Ce qui est à craindre Mr le PM, c'est que cette occasion en or soit fichue. Déjà la lassitude commence à se faire sentir à l'intérieur comme à l'extérieur du pays. Ceux qui regrettent que l'armée n'ait pas pris les devant, encore que, elle était en mesure d'asséner le coup fatal le jour du grand départ. Ceux qui regrettent qu'on n'ait pas mis le pays entre les mains d'un collège de sages faisant office de Présidence. Ceux qui supplient d'organiser l'élection d'une assemblée constituante. Ceux enfin qui soupçonnent que le cas de Bouazizi ne fut que la goutte qui a débordé le vase et que c'est comme si la révolte ne fut jamais tuniso-tunisienne…
Les péchés mignons de Mr. Ghannouchi ont discrédité la révolte. Alors que les tunisiens ont eu pour une fois quelque chose de valable à exporter, il n'a cessé, lui de ramer à contre courant notamment par : v Son premier gouvernement : le fait de maintenir les instruments de l'ancien régime, a laissé planer le plus grand doute. v Son attentisme : préférer la position défensive et attendre d'être acculé par la rue jusqu'aux derniers retranchements,et même jusqu'à sa démission. v Et surtout sa préférence pour la « pommade » : au point d'éviter lors de sa dernière apparition de souligner les liens et les causes des derniers événements des 25 et 26 février 2011. v Son ingénuité : la répression n'a jamais figuré dans aucun programme politique. Mais un homme d'Etat se doit de faire la part des choses. Ratisser les mercenaires de la décadence, ce n'est pas de la répression. Au contraire, il y va du salut de la Nation. Il est vraiment regrettable que Mr. Ghannouchi ait raté l'occasion de défoncer la porte entr'ouverte de l'Histoire.
Le comble du Mal c'est de constater, sans pouvoir réagir, l'économie tunisienne tourner à 30%. Le pire est de voir les élèves du collège chanter l'année blanche.
Les tentacules de la réaction, d'une part, les ultras de la Kasbah ainsi que leurs employeurs ont eu raison de Mr.Ghannouchi Les uns par « amour » au RCD et au couple Zinochet, les autres, malades de la perfection.
Il vous appartient Mr. Le Premier Ministre de prendre le contre-pied de ce qu'a fait votre prédécesseur.

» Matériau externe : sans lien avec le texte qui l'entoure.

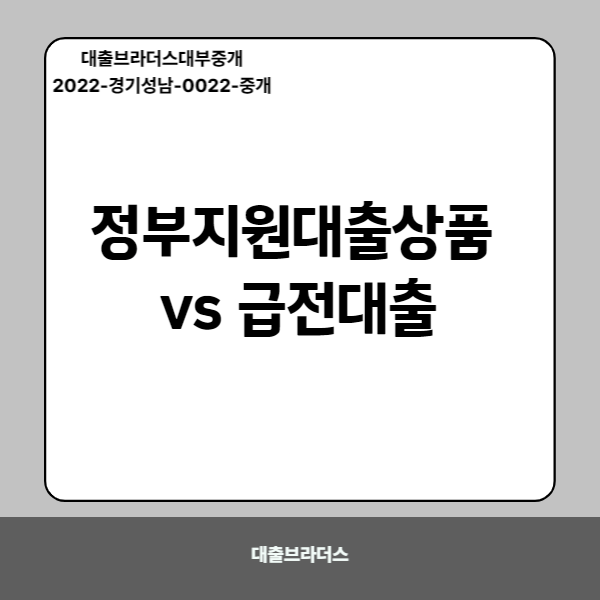 정부지원대출상품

Votre charisme toujours intact nous sera d'un grand secours.
Il vous appartient Mr. Le Premier Ministre, d'injecter votre petite dose de dictature propre à délivrer notre pays de l'anarchie et à rétablir l'ordre.
D'accord pour le multipartisme quoiqu'il ait montré ses limites partout ailleurs ; d'accord pour la société civile qui aura la noblesse de soutenir la bonne gouvernance.
La majorité silencieuse, mais travailleuse vous demande de NETTOYER La Kasbah.